• [Problem details]:
After locating the line with "How do you fix" below, output it and each following line exactly, stopping after the line with "When we wash". No pictures.

^^^^

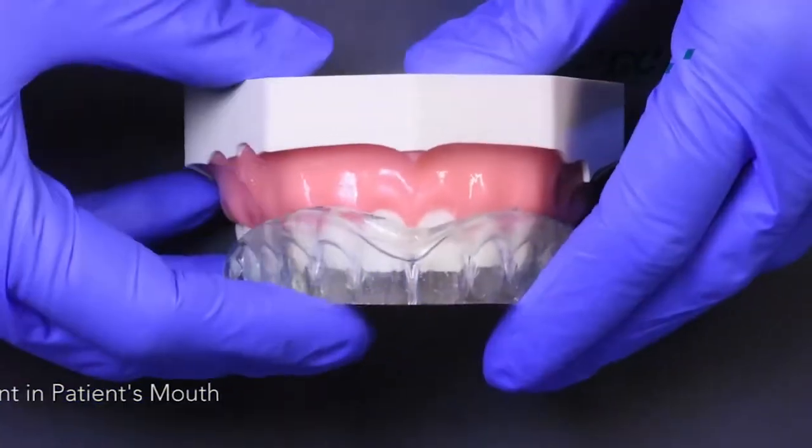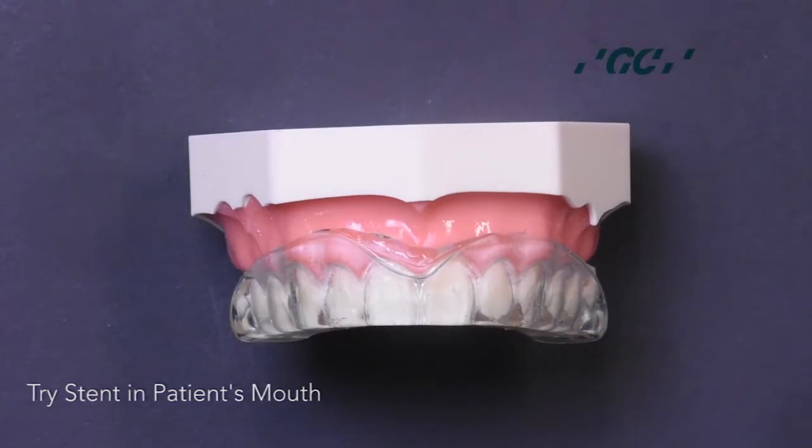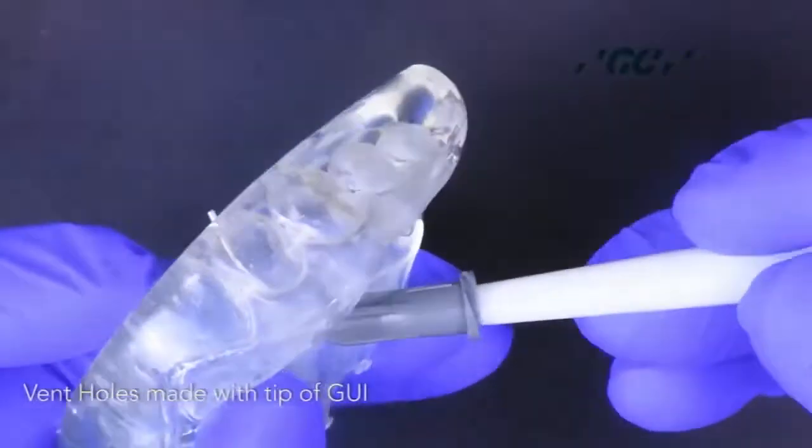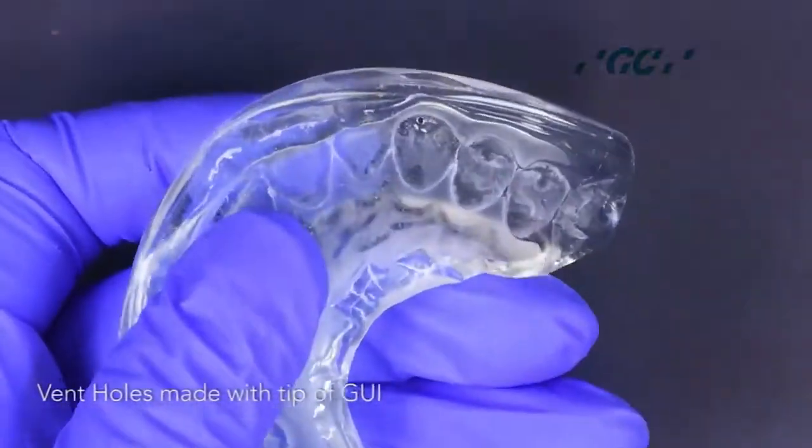The clear stent is checked for fit in the patient's mouth. Next, create vent holes in the stent with the tip of the Genial Universal injectable composite.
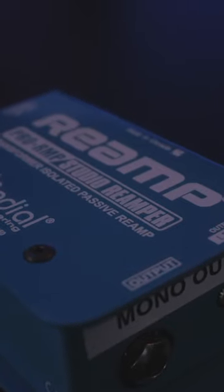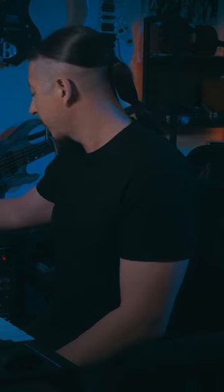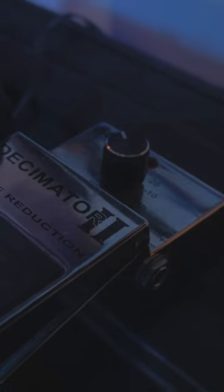The signal chain we're going to be using is this reamp box — the Studio Reamper from Radial. I have this running out of my audio interface, with a cable going into this reamp box, and then it's going into the front of a noise suppressor — the ISP Noise Decimator. It's a great noise gate, especially if you're doing any high gain stuff and using it live. I've used this for years and it works great.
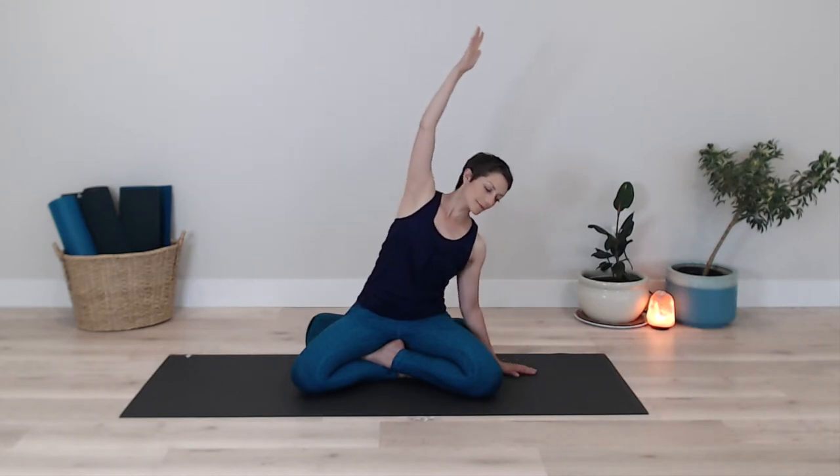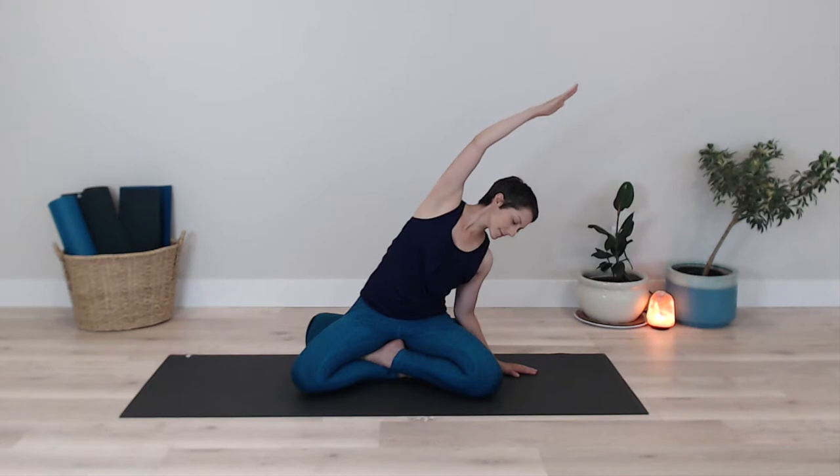Inhaling my right arm up to the sky. And as I exhale, I lean over to the side, lengthening the right side of my body. I pay attention to my shoulders and to my neck as I inhale to come back up to center. And as I exhale, I release my right arm back down to my side.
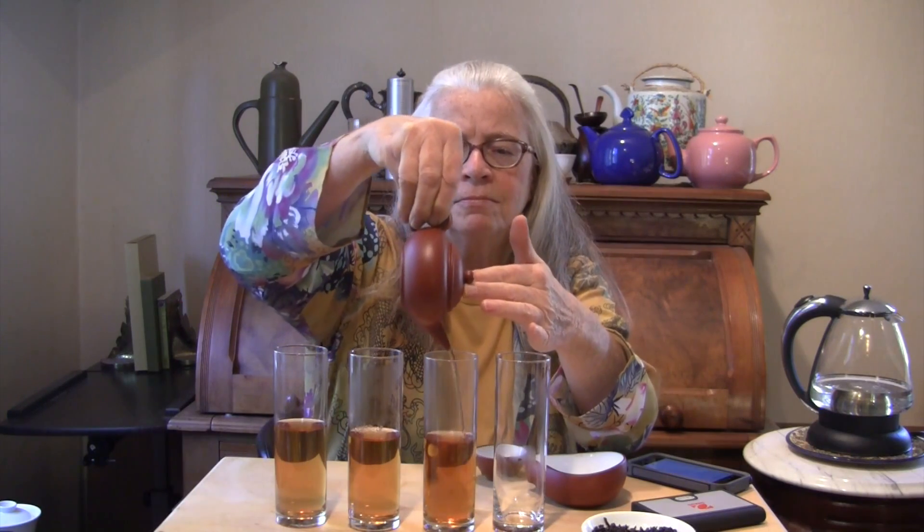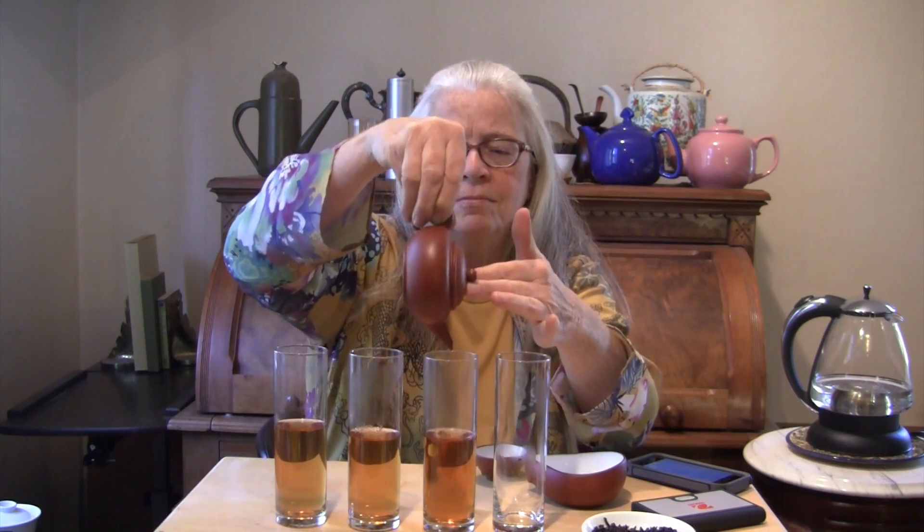For our next infusion I'm going to go for three minutes. Now can you see how amazingly similar the colors are? After three minutes we're still getting a really dark color in our tea — it's actually darker than the first two.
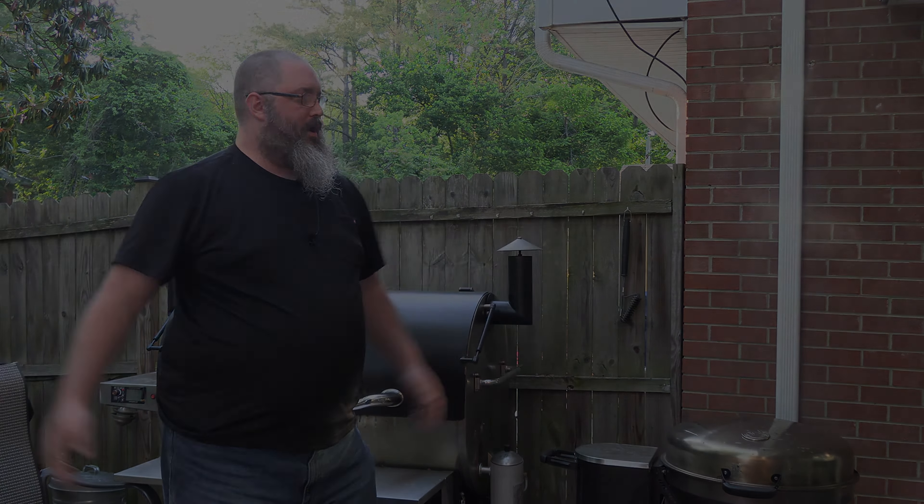How do you fix that? In between your low and slows and your hot and fasts, do yourself a favor and clean out that grill. We're going to close up the grill. We're done with this video, guys.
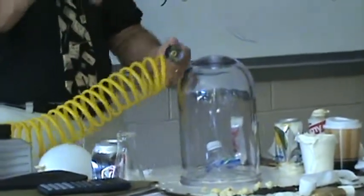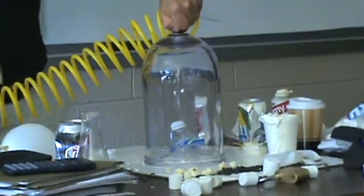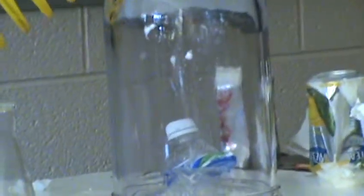When we wash down the soda bottle, we put a cap on. Remember, with water in it, it doesn't do anything. Let's see what happens when we decrease the volume.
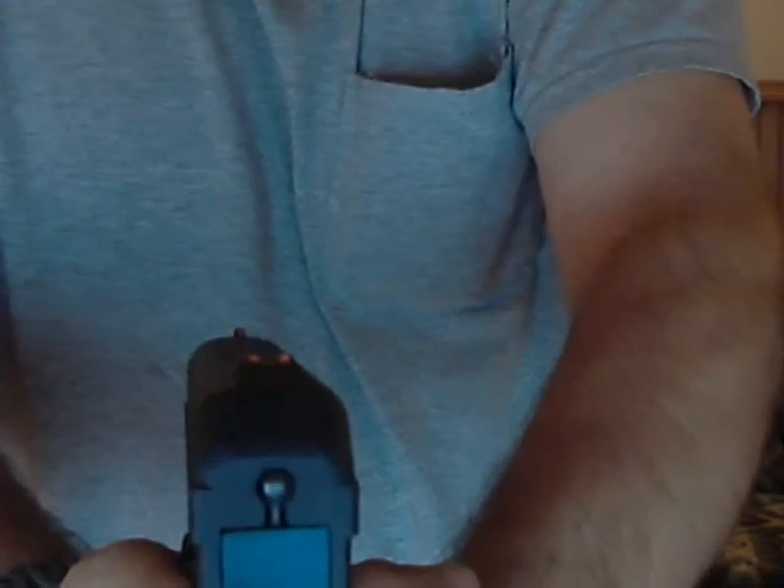Durable. Reliable. Out of 200 rounds, only three failure-to-feeds. A lot of guys will bash Hi-Points, and that's fine — whatever. But I know this gun. I would take this gun into combat. I would use it to defend my life any day of the week. It's got great sights. This is an early model so it's got fixed sights, but the orange really stands out well and they are accurate.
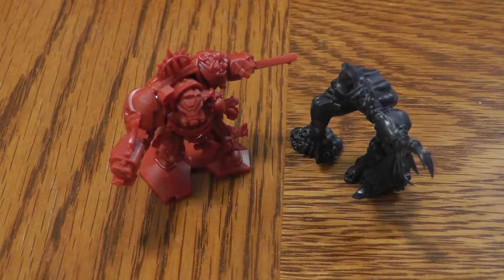When Games Workshop updated and re-released Space Hulk, one thing they did was they went over the top with the production value and the component quality, both with the thick tile pieces and with the incredible sculpts they made for the miniatures. The one drawback to the minis, though, is that the way they're designed leaves them kind of top-heavy and prone to falling over.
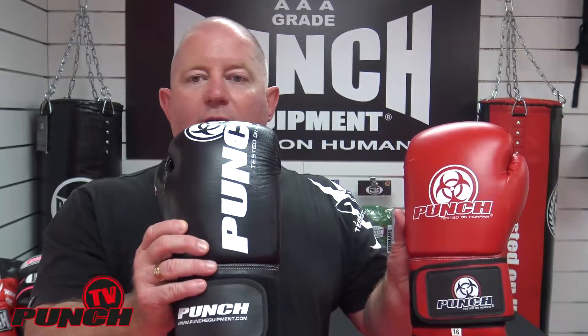Welcome to Punch TV. I'm Bruce Townhill. Today I'm going to help you choose between a normal urban glove and a pro leather urban glove. The main difference is obviously one's a synthetic and one is a full leather casing.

^^^^

• [Exercise answer]:
How do you fix that? In between your low and slows and your hot and fasts, do yourself a favor and clean out that grill. We're going to close up the grill. We're done with this video, guys.
When we wash down the soda bottle, we put a cap on. Remember, with water in it, it doesn't do anything. Let's see what happens when we decrease the volume.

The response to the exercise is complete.